Since King David is the traditional author of the Book of Psalms, we hear David’s response in the psalm today: “Bless the Lord, O my soul; and all my being, bless his holy name.” All my being bless the Lord’s name. I suggest that David’s words from the psalm show us his reciprocal generosity to God. David sings of the call to bless God with everything. All my being. That means there is a call to bless God with all that I am. With all that I have. And not just right now, but in every moment that has been, or is, or will be mine. Because ultimately my being, what I have, and my time is not my own, but is God’s gift. That’s how a disciple understands stewardship. My past, my present, my hoped-for future… may it all bless the Lord’s holy name!

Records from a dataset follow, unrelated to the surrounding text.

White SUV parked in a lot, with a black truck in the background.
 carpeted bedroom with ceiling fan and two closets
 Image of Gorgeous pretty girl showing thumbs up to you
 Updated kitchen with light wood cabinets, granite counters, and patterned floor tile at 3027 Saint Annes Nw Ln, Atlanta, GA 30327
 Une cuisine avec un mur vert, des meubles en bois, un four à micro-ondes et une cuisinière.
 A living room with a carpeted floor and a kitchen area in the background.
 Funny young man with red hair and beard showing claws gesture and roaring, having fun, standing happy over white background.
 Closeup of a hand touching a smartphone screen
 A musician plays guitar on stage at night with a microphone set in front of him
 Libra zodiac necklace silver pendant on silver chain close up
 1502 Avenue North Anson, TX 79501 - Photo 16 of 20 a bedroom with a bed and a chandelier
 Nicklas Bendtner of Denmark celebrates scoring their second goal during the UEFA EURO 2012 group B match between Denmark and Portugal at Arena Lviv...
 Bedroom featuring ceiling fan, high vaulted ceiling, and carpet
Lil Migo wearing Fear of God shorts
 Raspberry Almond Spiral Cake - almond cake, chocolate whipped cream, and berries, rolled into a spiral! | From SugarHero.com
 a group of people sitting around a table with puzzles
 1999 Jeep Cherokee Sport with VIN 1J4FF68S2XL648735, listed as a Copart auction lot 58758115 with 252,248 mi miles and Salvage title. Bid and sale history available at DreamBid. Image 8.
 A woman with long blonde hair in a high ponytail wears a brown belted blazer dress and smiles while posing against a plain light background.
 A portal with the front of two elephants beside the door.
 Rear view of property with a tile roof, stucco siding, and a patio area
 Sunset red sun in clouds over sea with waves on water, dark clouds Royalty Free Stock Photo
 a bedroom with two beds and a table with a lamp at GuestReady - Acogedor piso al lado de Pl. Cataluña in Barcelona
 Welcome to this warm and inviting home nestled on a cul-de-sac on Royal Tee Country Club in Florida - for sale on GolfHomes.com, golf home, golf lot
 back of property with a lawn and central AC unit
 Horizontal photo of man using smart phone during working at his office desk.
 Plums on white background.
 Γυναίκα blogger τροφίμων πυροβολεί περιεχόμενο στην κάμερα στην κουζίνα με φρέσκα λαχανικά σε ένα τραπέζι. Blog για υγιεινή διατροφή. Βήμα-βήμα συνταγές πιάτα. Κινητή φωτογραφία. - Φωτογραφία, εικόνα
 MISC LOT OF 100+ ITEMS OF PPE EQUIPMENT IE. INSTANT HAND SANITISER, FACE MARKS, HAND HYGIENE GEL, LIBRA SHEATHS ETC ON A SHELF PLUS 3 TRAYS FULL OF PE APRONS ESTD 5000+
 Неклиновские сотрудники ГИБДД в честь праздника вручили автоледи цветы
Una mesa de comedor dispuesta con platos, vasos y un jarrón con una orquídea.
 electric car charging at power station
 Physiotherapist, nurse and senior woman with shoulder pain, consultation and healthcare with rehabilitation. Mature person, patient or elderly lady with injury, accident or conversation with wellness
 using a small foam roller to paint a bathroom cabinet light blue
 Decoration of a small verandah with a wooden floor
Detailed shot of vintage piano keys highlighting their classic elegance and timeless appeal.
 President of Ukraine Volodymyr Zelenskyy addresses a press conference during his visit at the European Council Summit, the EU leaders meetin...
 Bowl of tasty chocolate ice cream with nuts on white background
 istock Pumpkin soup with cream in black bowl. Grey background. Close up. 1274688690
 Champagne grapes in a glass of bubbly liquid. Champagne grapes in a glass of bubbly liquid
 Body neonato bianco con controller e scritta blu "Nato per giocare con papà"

In the Gospel selection the Lord tests the limits of the generosity of those who call themselves disciples. It is a shocking test of the limits of generosity. It is a test of whether we understand that being disciples involves the stewardship of our entire being. Listen to the generosity the Lord places before us: Love your enemies, do good to them, bless them, pray for them. Does someone strike you on the cheek? Give them the other one as well. Does someone take your cloak? Then give him the rest of your clothing too. And this line, “Give to everyone who asks of you.” Man alive! What is the point of that kind of generosity? It’s crazy. No, the point is that with such generosity you will be, not children of the world, but children of the Most High God. Children are supposed to resemble the traits of their parents. If we belong to God, if we are His children, if we are disciples of His beloved Son, then we are called to a generosity beyond our fallen natural tendency. Reciprocal generosity can be a scary ratio. Jesus says, “Give, and gifts will be given to you.” But in words that I heard once described, believe it or not, as some of the most scary words of the Gospel, he goes on to say, “For the measure with which you measure will in return be measured out to you.” Depending on how we disciples practice stewardship of our time, of our talent, and of our financial treasure, those are either very comforting or very unsettling words. Our Heavenly Father wants them to be comforting because He wants us to resemble His generosity.